:: What needs to be done ::
From the entries below, write out exactly the lines between the line holding "Close-up of freshly" and the line holding "Tabitha - Cavapoo for sale", inclusive, excluding any pictures.

Short text fragments from websites
--

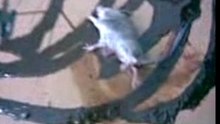 LA CHASSE AU SOURIES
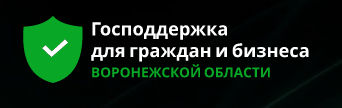 Господдержка в условиях санкций ВО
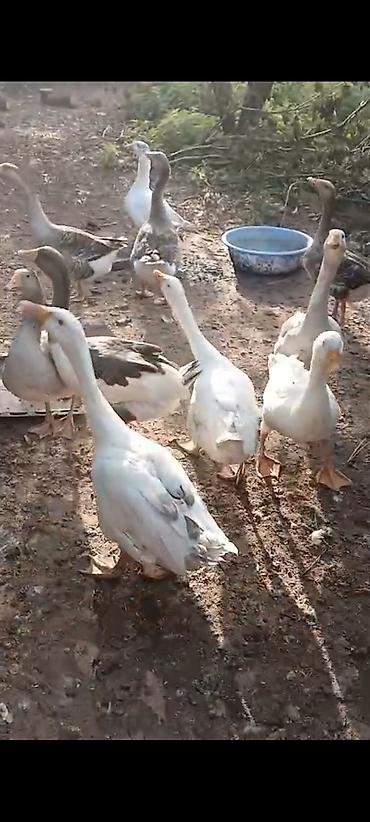 6 aylıq yerli qazlar satılır tam sağlam kənd şərayitində böyudulub lalafo.az -da 6 aylıq yerli qazlar satılır tam sağlam kənd şərayitində böyudulub
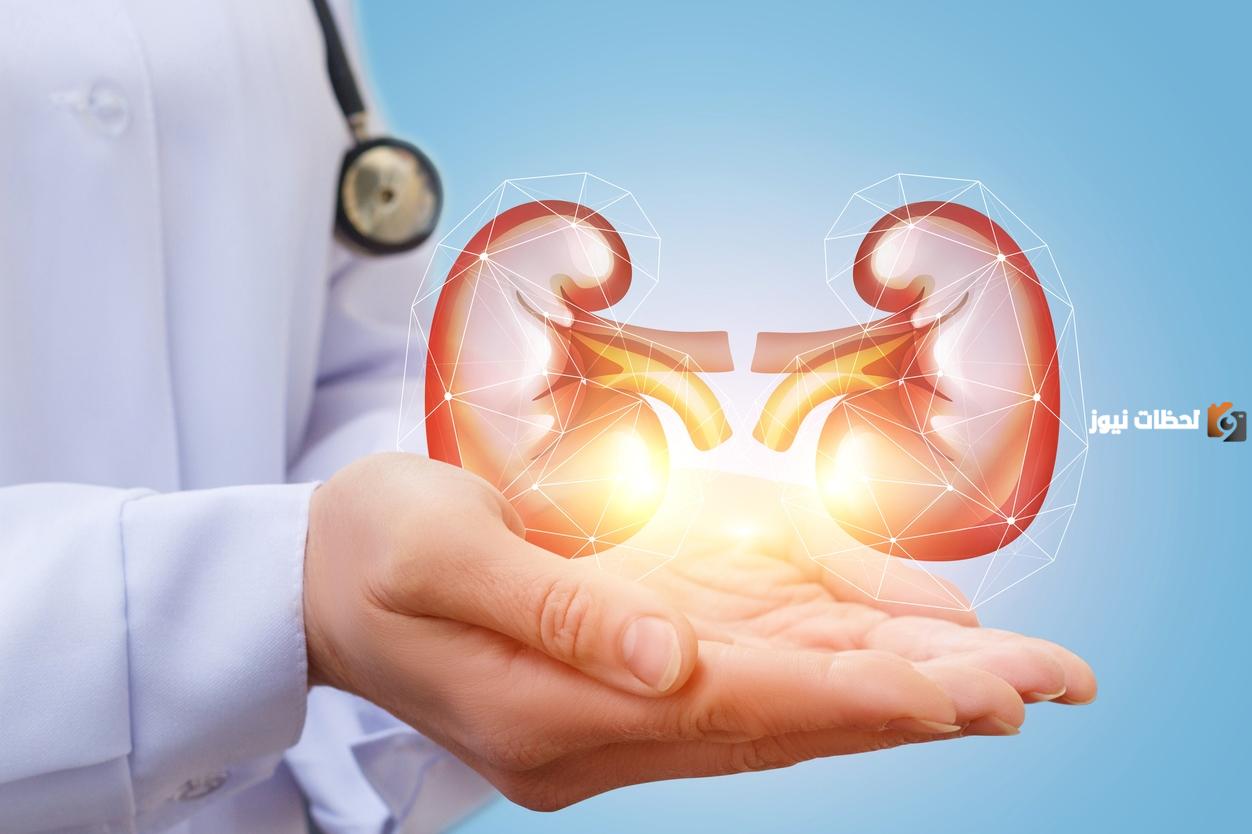 علاج التهاب الكلى بالأعشاب بأسرع طريقة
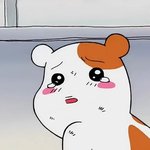 [EXO] 팬싸 못간거 나뿐이냐
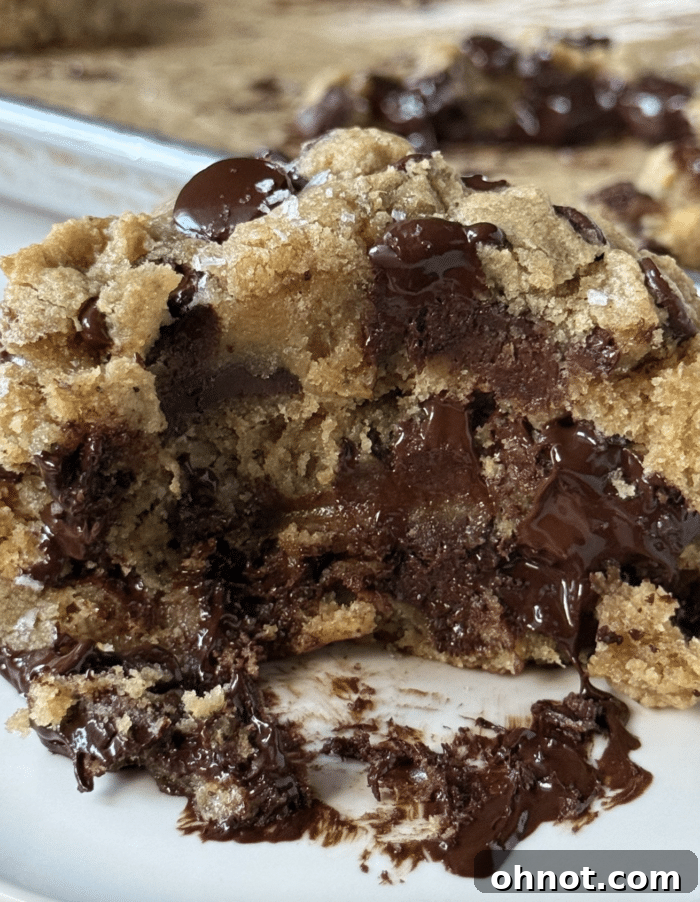 Close-up of freshly baked, gooey banana chocolate chip cookies.
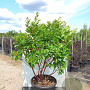 Arbutus unedo 200-250 cm cont. 110L meerstammig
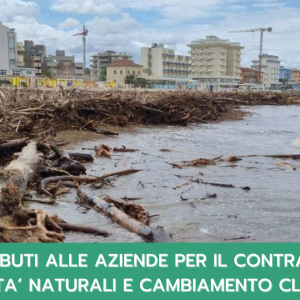 BANDO PREVENZIONE EVENTI CLIMATICI ANNO 2024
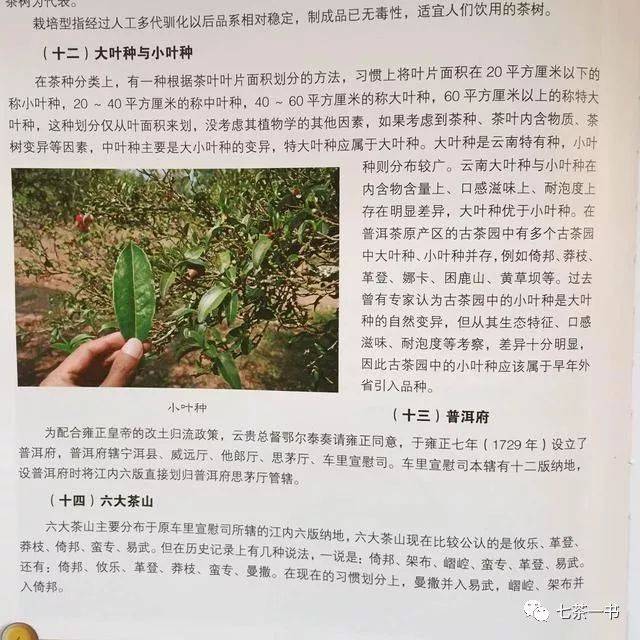 买茶叶骗术_求购茶叶骗局_买茶叶骗局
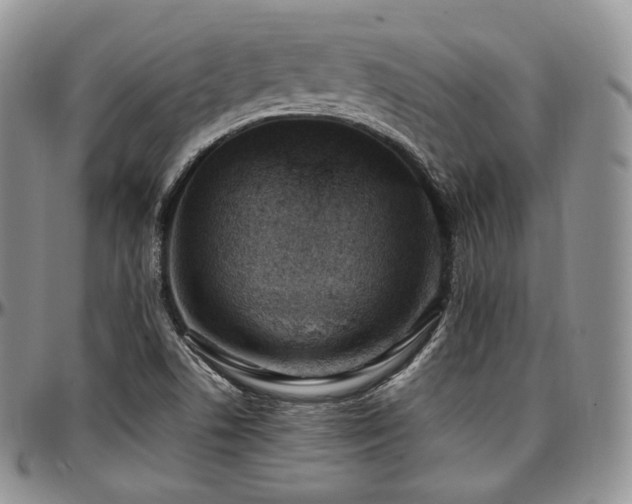 X0000097641506200802291352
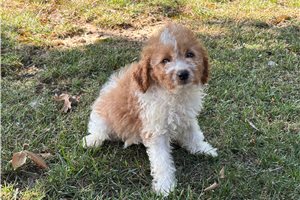 Tabitha - Cavapoo for sale
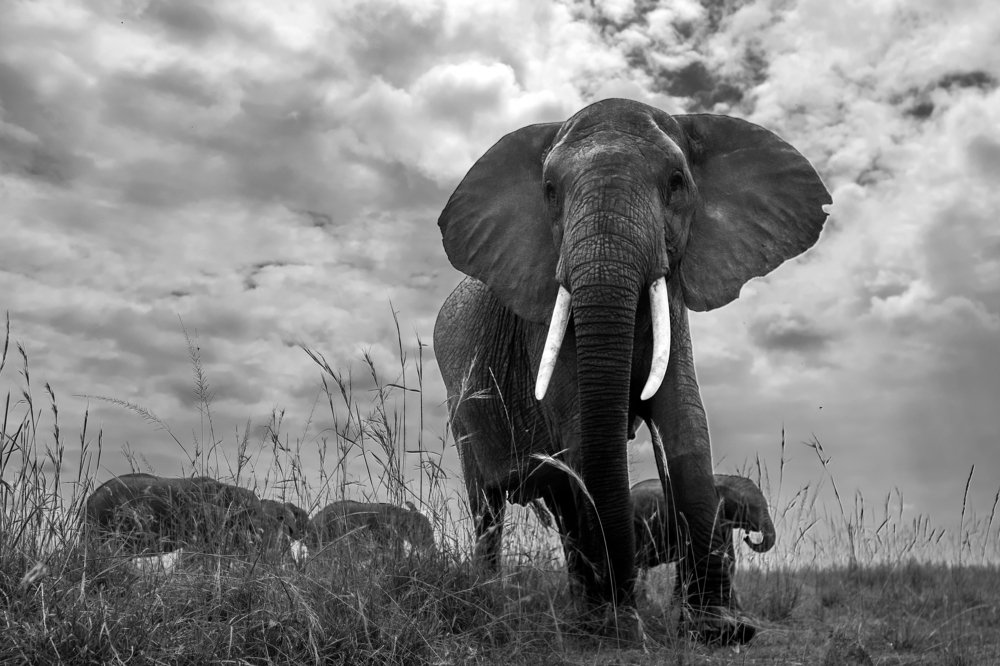 Elephants in Monochrome......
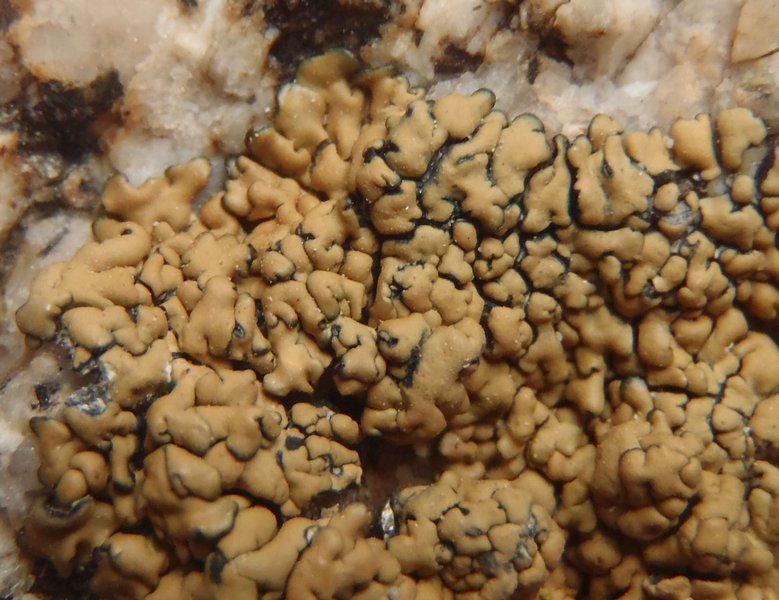 Lecanora sierrae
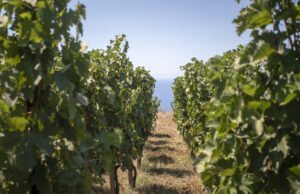 Nero Ossidiana, il rosso delle Eolie di Tenuta di Castellaro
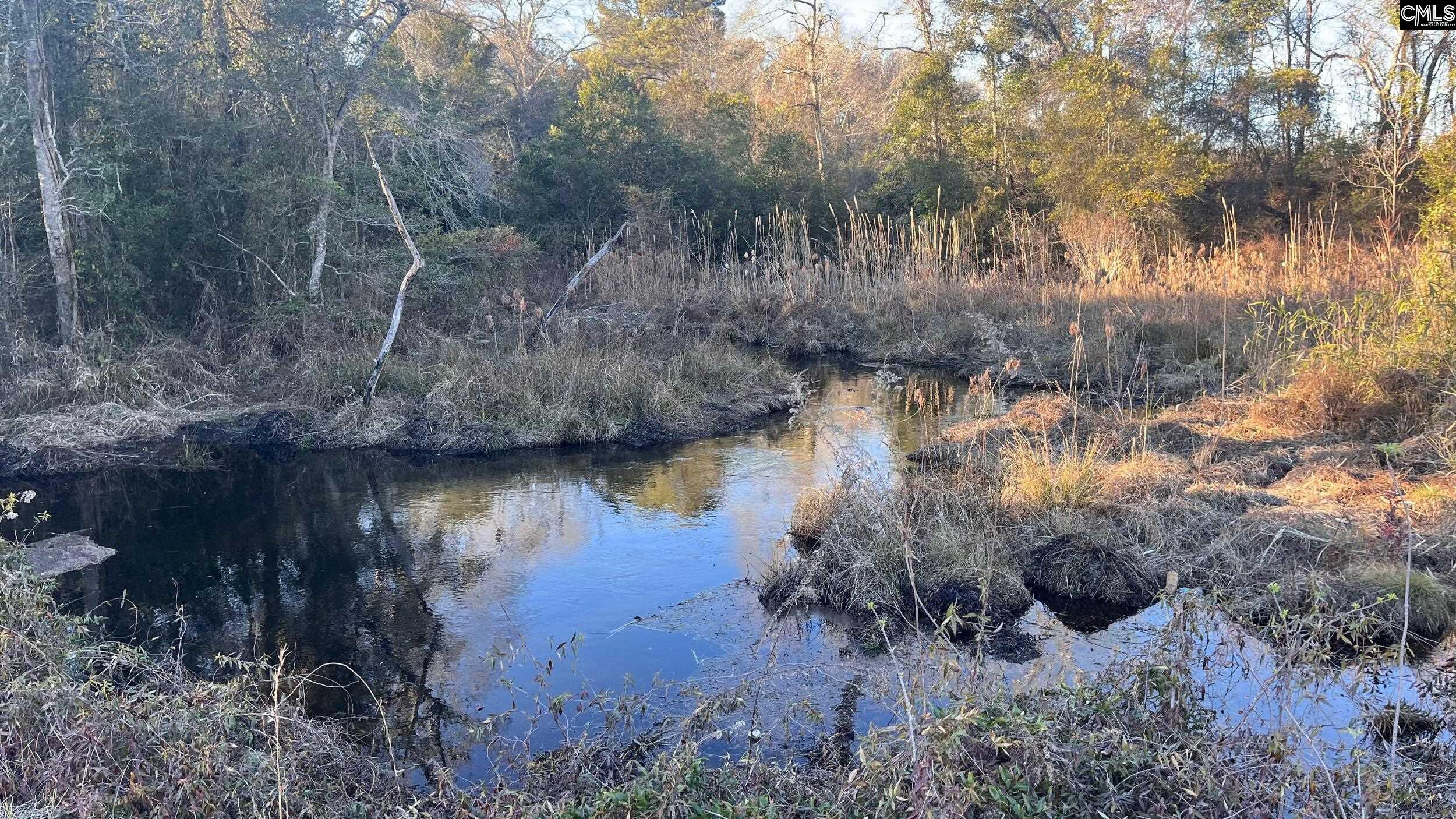 Tbd Tbd Millers Pond Road Salley, SC 29137 - Photo 2 of 20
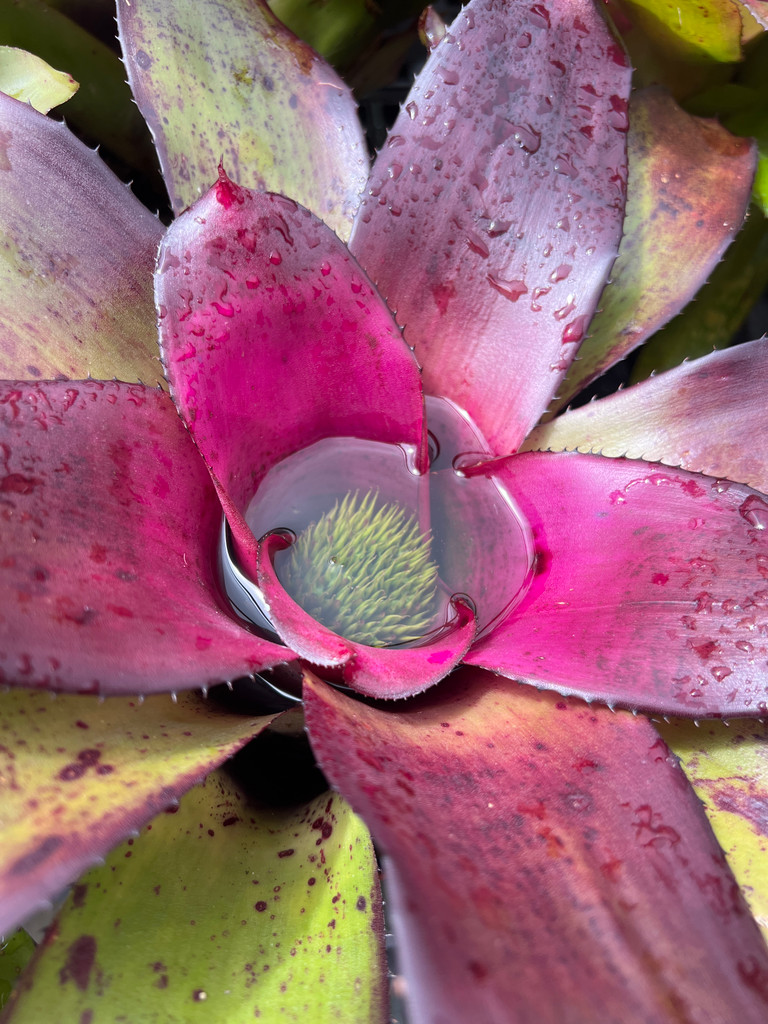 Neoregelia Lambert #12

--

:: Exercise answer ::
 Close-up of freshly baked, gooey banana chocolate chip cookies.
 Arbutus unedo 200-250 cm cont. 110L meerstammig
 BANDO PREVENZIONE EVENTI CLIMATICI ANNO 2024
 买茶叶骗术_求购茶叶骗局_买茶叶骗局
 X0000097641506200802291352
 Tabitha - Cavapoo for sale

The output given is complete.